EXERCISE PROMPT: Go to the line below containing "WITH Men Multicoloured" and print exactly from there through the line containing "Frameless Bathroom Mirror", both included. Print nothing else.

SOURCE DATA:
------------
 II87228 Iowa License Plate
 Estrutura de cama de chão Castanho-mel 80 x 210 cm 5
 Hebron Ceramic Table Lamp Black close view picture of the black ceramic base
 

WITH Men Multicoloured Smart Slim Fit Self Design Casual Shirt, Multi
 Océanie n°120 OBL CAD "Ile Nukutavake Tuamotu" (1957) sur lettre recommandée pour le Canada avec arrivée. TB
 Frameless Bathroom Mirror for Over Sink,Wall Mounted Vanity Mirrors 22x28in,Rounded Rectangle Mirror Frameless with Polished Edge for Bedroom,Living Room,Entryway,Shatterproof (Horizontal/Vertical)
------------
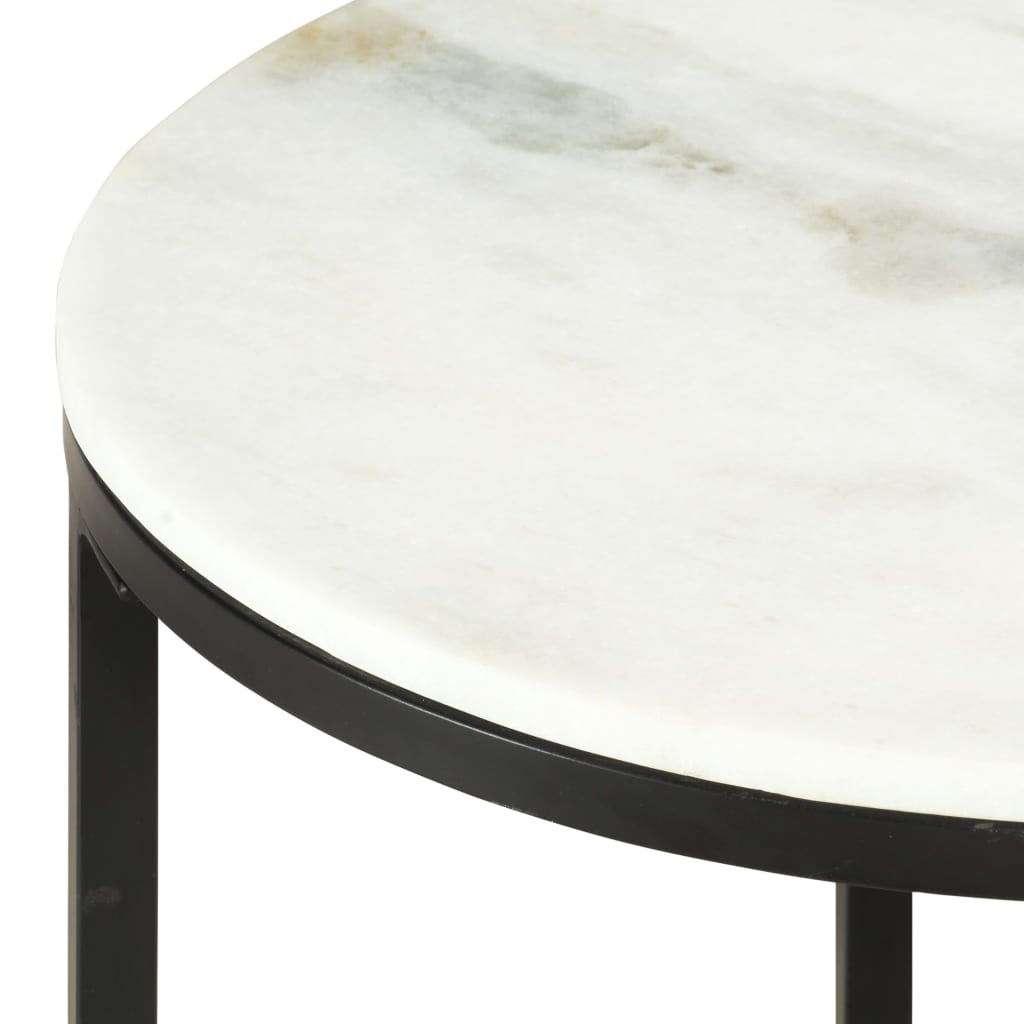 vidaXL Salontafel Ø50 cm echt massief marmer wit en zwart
------------
TASK RESPONSE:
WITH Men Multicoloured Smart Slim Fit Self Design Casual Shirt, Multi
 Océanie n°120 OBL CAD "Ile Nukutavake Tuamotu" (1957) sur lettre recommandée pour le Canada avec arrivée. TB
 Frameless Bathroom Mirror for Over Sink,Wall Mounted Vanity Mirrors 22x28in,Rounded Rectangle Mirror Frameless with Polished Edge for Bedroom,Living Room,Entryway,Shatterproof (Horizontal/Vertical)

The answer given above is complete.